Following last year’s realization that mortgage origination as a product line is effectively dead (which has forced such origination dependent banks as Wells Fargo to return to subprime lending in hopes of keeping the revenue stream alive, knowing full well how it all ends), and that only investors and “all cash” buyers are keeping the myth of the housing recovery alive on their shoulders, banks fired tens of thousands of workers in the mortgage business hoping to stem the bottom line bleeding from the collapse in revenues. It turns out that they didn’t fire enough and/or that the housing market contraction was far worse than even the banks, in their most, pessimistic forecasts, had expected. Case in point: JPMorgan, which after firing 15,000 in its mortgage business, has just revealed it will fire thousands more.
Several thousand more cuts are planned, according to people familiar with the matter, and could be announced at JPMorgan’s annual investor day on Tuesday. They are part of a new efficiency drive at the largest US bank by assets that also encompasses staffing branches with fewer employees.
Profitability at JPMorgan remains stronger than at competitors such as Bank of America and Citigroup but the bank is looking to find new savings, partly because of technology that allows greater automation of clerical functions in branches and partly because of a plunge in demand for mortgage refinancings.
Rising interest rates have stifled demand, causing the biggest banks to cut tens of thousands of positions over the past two years. The additional cuts at JPMorgan are expected to number more than 2,000, evidence of the steep decline in demand even in the past 12 months.
The bank, which employs more than 250,000 people, is also looking to cut thousands of jobs in branches over time, though it expects to do so by attrition.
JPMorgan executives decided in the past 12 months to halt its branch-building programme, following a trend for banks to look online for future growth rather than to bricks and mortar.
We doubt many tears will be shed over the terminations, especially since JPM was the one bank holding out longer than most in hopes that things will finally change for the better and the bank’s “fortress” balance sheet will be able to isolate the firm’s workers.
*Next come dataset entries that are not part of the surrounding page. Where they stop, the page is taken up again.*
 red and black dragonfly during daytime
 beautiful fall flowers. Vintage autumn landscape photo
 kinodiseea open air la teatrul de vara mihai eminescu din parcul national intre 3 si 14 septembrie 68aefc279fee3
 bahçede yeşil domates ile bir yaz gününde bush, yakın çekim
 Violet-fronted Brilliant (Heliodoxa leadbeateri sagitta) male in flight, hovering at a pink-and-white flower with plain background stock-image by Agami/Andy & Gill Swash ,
They didn’t, and it didn’t.
JPMorgan held out longer than rivals, filling in gaps in the market in Florida and California, in particular, before now joining the long list of banks to have scaled back their growth plans.
“It was awfully 20th century of them,” said Mike Mayo, analyst at CLSA Securities. “With such weak revenue growth – the worst in eight decades – banks need to find new ways to control expenses, which means finding other ways to streamline branches and other distribution. The last two years have seen the most branch closings in history.”
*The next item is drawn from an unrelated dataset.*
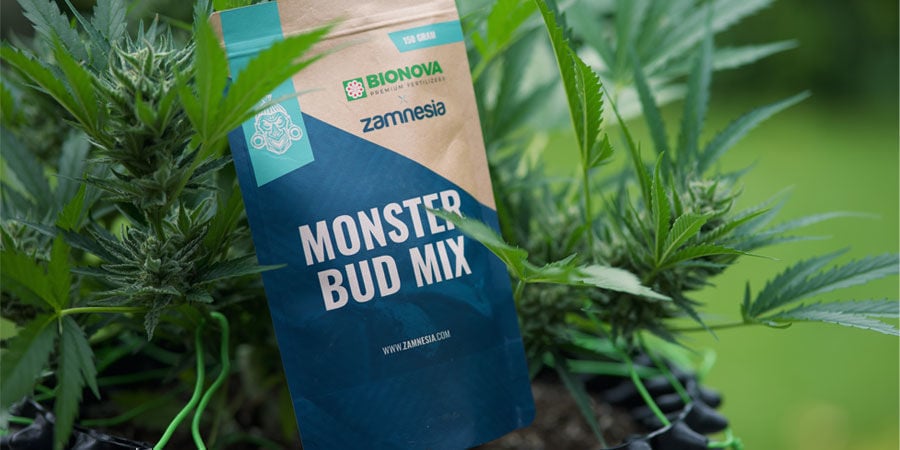 ¿Qué Nutrientes Necesitan Las Plantas De Marihuana Autoflorecientes?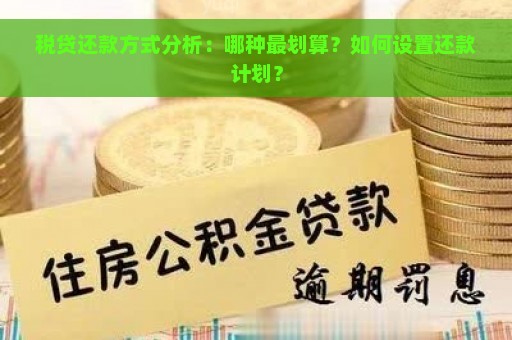 税贷还款方式分析：哪种最划算？如何设置还款计划？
Yet while JPMorgan’s terminations – merely a stepping stone to even more layoffs in the future – mean the unemployment rate will continue to drop as most of the newly laid off will simply drop out of the labor force entirely, the biggest loser will be Wells Fargo, whose primary revenue line was and is mortgage origination. Well, was.
We look forward to seeing just how the California bank, and largest mortgage originator in the US, will offset what is now clearly a secular collapse in mortgage demand as more and more Americans simply refuse to (or can’t) take out mortgages to buy homes whose prices have become inaccessible to all but a very select (0.1%) few.